Sin embargo, aunque la gente ya no se acostaba a las 21:00, tenían que despertarse a la misma hora de la mañana, por lo que su descanso se vio truncado. Ekirch cree que esto hizo que su sueño fuera más profundo, pues estaba comprimido.
Además de alterar los ritmos circadianos de la población, la iluminación artificial alargaba el primer sueño y acortaba el segundo. «Pude comprobar [esto], casi década por década, a lo largo del siglo XIX», dice Ekirch.
A finales del siglo XX, la división entre los dos sueños había desaparecido por completo: la Revolución Industrial no solo había cambiado nuestra tecnología, sino también nuestra biología.
Un efecto secundario importante de gran parte del cambio de la humanidad en los hábitos de sueño ha sido un cambio de actitud.
Por un lado, rápidamente comenzamos a avergonzar a quienes se quedan dormidos y desarrollamos una preocupación por el vínculo entre levantarse temprano y ser productivo.
También está la cuestión de quienes sufren insomnio nocturno. El historiador explica que nuestros patrones de sueño ahora están tan alterados que cualquier vigilia en medio de la noche puede llevarnos al pánico.
«No pretendo tomar eso a la ligera; de hecho, yo mismo sufro de trastornos del sueño y tomo medicamentos para eso, pero cuando la gente se entera de que esto pudo haber sido completamente normal durante milenios, disminuye un poco su ansiedad», explica.
Sin embargo, Ekirch enfatiza que el abandono del sistema de dos horas de sueño no significa que la calidad de nuestro sueño sea peor hoy en día.
Ekirch argumenta que, a pesar de los titulares prevalecientes sobre los problemas de sueño, de alguna manera, el siglo XXI es una edad dorada para dormir, una época en la que la mayoría de nosotros ya no tenemos que preocuparnos por ser asesinados en nuestras camas, congelarnos hasta morir o quitarnos los piojos.
Podemos dormir sin dolor, sin la amenaza del fuego o sin tener extraños acurrucados a nuestro lado.
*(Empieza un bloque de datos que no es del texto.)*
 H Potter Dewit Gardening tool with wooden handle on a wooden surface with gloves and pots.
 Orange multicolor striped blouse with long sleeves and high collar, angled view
En resumen, los períodos individuales de sueño pueden no ser «naturales», pero, tampoco lo son los elegantes colchones ergonómicos ni la higiene moderna. «No hay vuelta atrás porque las condiciones han cambiado», dice Ekirch.
Puede que ahora nos perdamos conversaciones confidenciales, sueños psicodélicos y revelaciones filosóficas a medianoche, pero al menos no nos despertamos cubiertos de mordeduras de chinches.